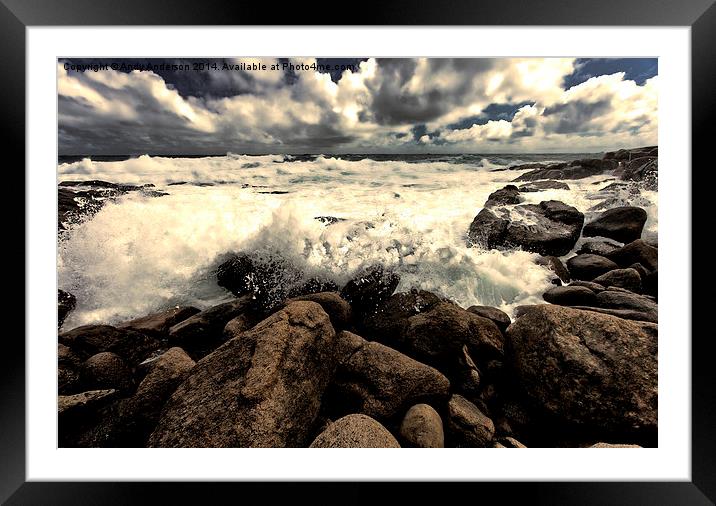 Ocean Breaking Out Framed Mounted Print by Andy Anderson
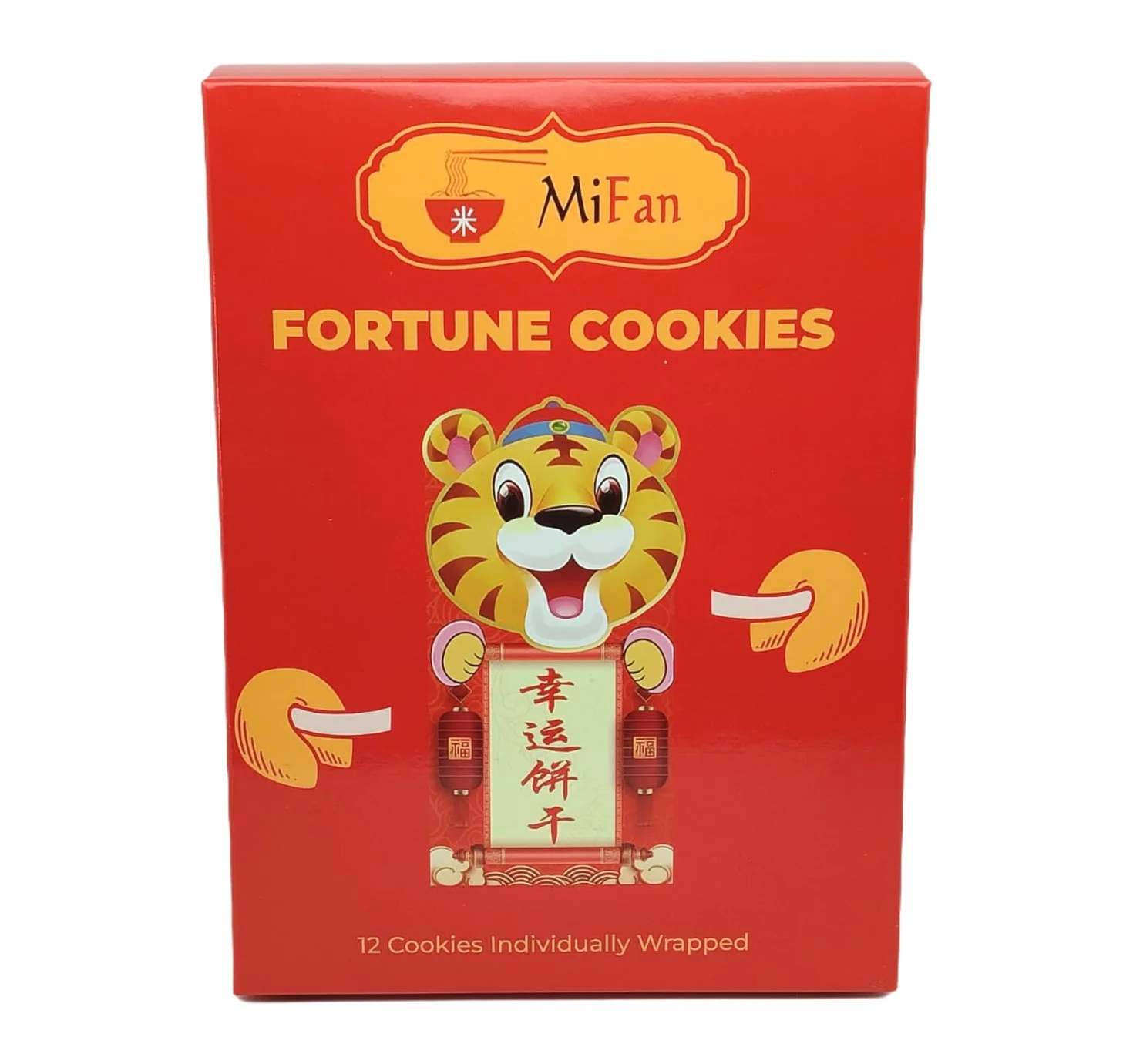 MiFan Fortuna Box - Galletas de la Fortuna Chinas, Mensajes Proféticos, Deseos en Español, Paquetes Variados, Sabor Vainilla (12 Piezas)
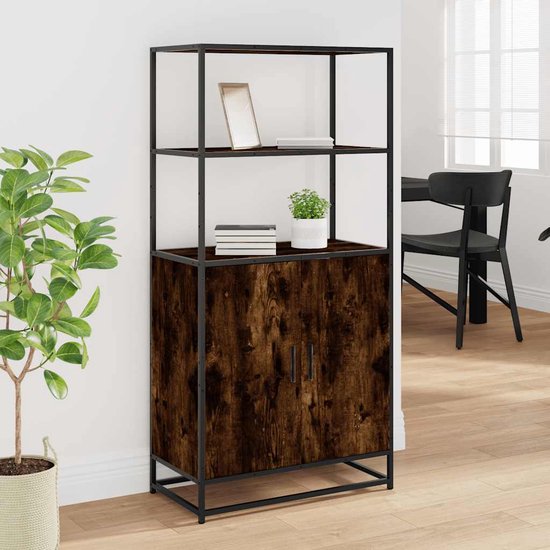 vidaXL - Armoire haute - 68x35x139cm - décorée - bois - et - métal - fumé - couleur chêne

************

Task requirements
Leave out the pictures and reproduce the rest of the listing exactly.

Exercise solution
 Ocean Breaking Out Framed Mounted Print by Andy Anderson
 MiFan Fortuna Box - Galletas de la Fortuna Chinas, Mensajes Proféticos, Deseos en Español, Paquetes Variados, Sabor Vainilla (12 Piezas)
 vidaXL - Armoire haute - 68x35x139cm - décorée - bois - et - métal - fumé - couleur chêne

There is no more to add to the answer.